The good news is that when we choose to respond to our situation differently — from a place of who we really are rather than by reacting to others, their demands, their expectations, or from being who we have been taught to be by well-meaning others and society — we instantly close that disconnect and return to what I call our Paradise (re)Discovered.
So practice some things this week to reconnect, won’t you? Give it a shot and notice what’s different:
- When you’re immersed in the goings-on that often bring out the worst in you along with the best, take a moment and ask yourself how you would PREFER to respond. And do that instead. No matter how others react.
- Take time for yourself. As much as you need and as often as you wish. No matter how others respond.
- Make decisions from your heart rather than from a place of obligation or expectations, self-imposed or by others. No matter how others see them.
- At the end of the day, take a two-minute inventory. How did you do in honoring yourself first? How did others respond? And then drift off to sleep knowing that if you honored yourself first today you gave others the very best of you. And feel good in that. No matter how others might have felt towards you at the end of the day.
Truly, no matter what you believe or practice, ’tis the season to Be. ‘Tis The Season To Be Who You Really Are! Your body, mind & soul will thank you in dramatic ways.
With lots of love and gratitude
from Santa Fe, New Mexico,
Dr Mark
PS – Are you ready for a Holiday Detox to jumpstart your manifesting in 2019? Sign up today for only $20 before the price doubles! Holiday Detox 2019.
PSS – If you haven’t already to be sure to sign up for our December Coaching Package Giveaway to win a FREE MONTH OF COACHING with Dr. Mark! Enter here! — Ends December 31s!

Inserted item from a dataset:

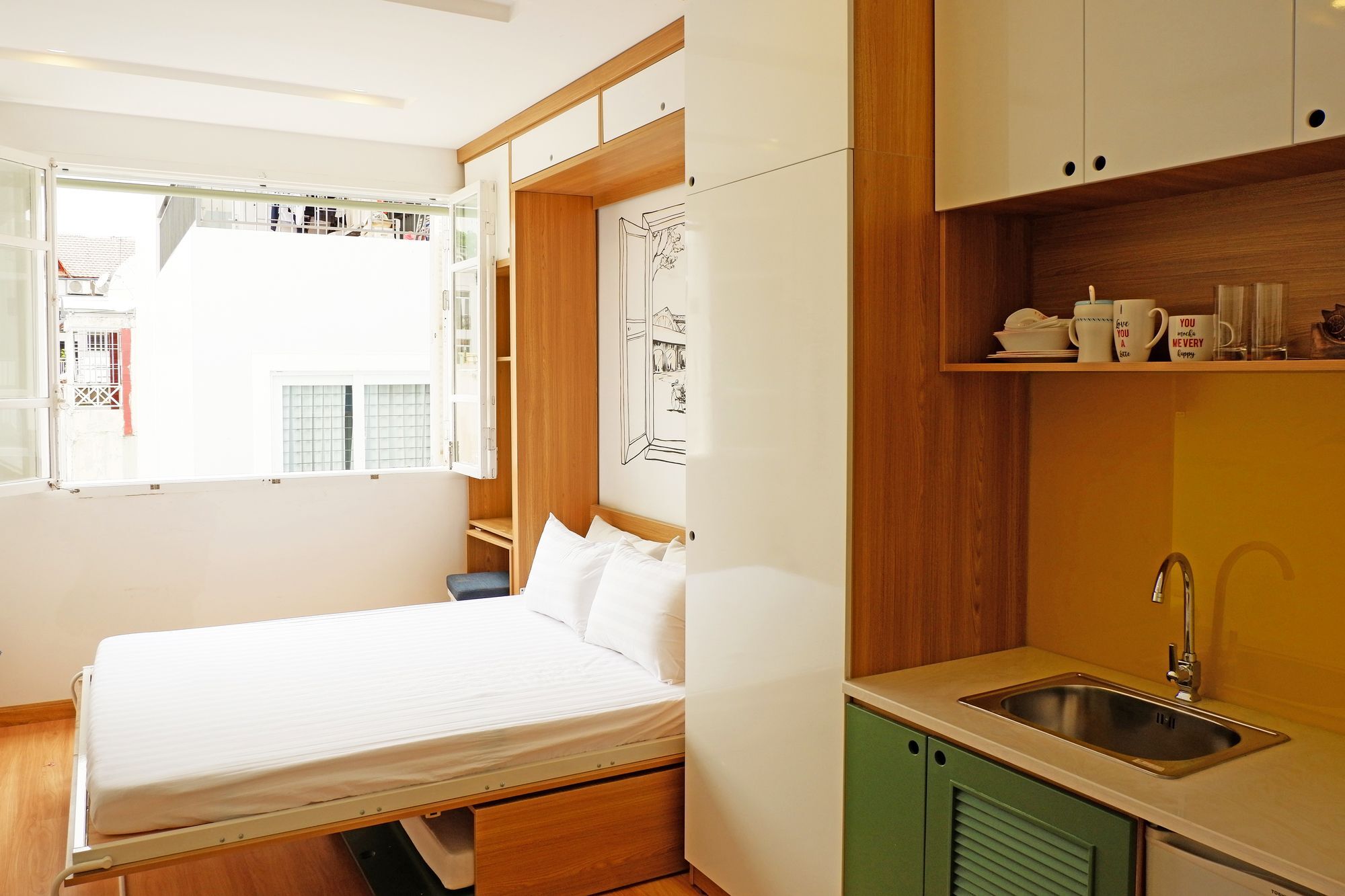 Saigon Corner House Appartement Ho Chi Minh-stad Buitenkant foto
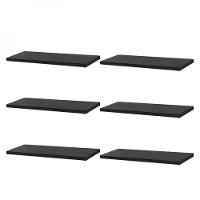 Kit 6 Prateleiras 40 x 15cm Preta Suporte Invisível - 1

2 thoughts on “’Tis the Season to Be…”
One of the thoughts that I am pondering for next months group: “Is anger and outrage fashionable” How do we respond to situations without falling into anger and outrage. The one thing that I have found helpful is meditation, it has given me a different sense of time in my “real world” interactions, i.e. I realize that I have time to think about my response.
Wonderful post….I dig it!
Anthony,
Great points. I wonder how whether how fashionable anger and outrage might be is relative to societal norms in the moment; as norms change then things like anger and outrage shift along the continuum of being acceptable. I think it’s also a great challenge to us to be authentic to who we are. By definition that is / should be consistent regardless of how norms might vary. So we find ourselves in need of finding a way to be who we are no matter what – in this case responding to the world around us without falling into something like anger and outrage even if they have become fashionable. And finding a way to be comfortable with who we are despite the prevailing trends. Yes, meditation a great way. To as you said give you a difference sense of time in your “real world” interactions; and also as a way to create an inner world that we can embrace as more real than the outer world, and in doing so doing our part to shape what the outer world becomes. As within, so without (and the converse does not have to be true).
Just my 5 AM thoughts… thanks!
Mark.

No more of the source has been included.